Optimizing Generative AI for Question Answering

Transformer based AI models can generate amazing answers to users’ questions. While the underlaying Large Language Models are not retrained, the performance of Question Answering AI can be improved by running experiments with different hyper parameters.

Overview

This post describes how to optimize generated AI answers. When building systems that generate answers to questions of users, you do not just pass the questions to generic Large Language Models. Instead, the models need to understand the context of the questions. Before the models are asked to generate answers, pre-processing needs to be done to describe the context efficiently. For example, full text searches and re-ranking can be used to identify most relevant passages of documents which are passed to the answer generating models.

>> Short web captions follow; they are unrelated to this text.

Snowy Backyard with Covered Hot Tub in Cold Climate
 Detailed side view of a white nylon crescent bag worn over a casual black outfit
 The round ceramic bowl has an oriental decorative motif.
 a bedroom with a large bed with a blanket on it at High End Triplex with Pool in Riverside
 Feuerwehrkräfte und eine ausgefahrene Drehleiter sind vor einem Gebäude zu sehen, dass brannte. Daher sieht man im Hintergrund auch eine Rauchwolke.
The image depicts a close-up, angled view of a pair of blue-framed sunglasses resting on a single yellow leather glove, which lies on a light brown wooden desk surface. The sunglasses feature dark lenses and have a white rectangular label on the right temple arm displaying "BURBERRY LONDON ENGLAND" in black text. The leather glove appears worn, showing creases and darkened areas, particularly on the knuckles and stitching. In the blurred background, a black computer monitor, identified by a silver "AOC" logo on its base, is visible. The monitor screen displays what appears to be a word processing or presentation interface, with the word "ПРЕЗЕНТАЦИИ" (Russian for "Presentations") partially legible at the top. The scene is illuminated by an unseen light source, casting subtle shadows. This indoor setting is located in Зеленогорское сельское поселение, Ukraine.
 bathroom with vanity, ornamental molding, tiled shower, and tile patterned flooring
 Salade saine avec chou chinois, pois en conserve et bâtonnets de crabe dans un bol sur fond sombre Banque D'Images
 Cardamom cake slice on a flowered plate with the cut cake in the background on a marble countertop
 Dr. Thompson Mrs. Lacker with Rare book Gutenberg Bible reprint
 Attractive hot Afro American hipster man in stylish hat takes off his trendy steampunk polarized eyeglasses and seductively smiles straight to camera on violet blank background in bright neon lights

Re-ranking utilizes neural information retrieval techniques to find answers to queries without comparing single word occurrences. Instead, representations of words are used to find the closest neighbors in the neural networks. So often two large language models are leveraged:

Re-ranker which is typically an encoder-based transformer
Answer generator which is typically a decoder-based transformer

Often three stages are run in pipelines to produce answers:

Full text searches
Re-ranking
Answer generation

In the context of ‘Question Answering’ tasks it is important to provide answers that are correct to avoid hallucination which is why the ‘temperature’ parameter is set to ‘0’. Other parameters should be optimized for specific use cases and specific data corpora, for example the choice of large language models and the size of documents which are passed between the different stages.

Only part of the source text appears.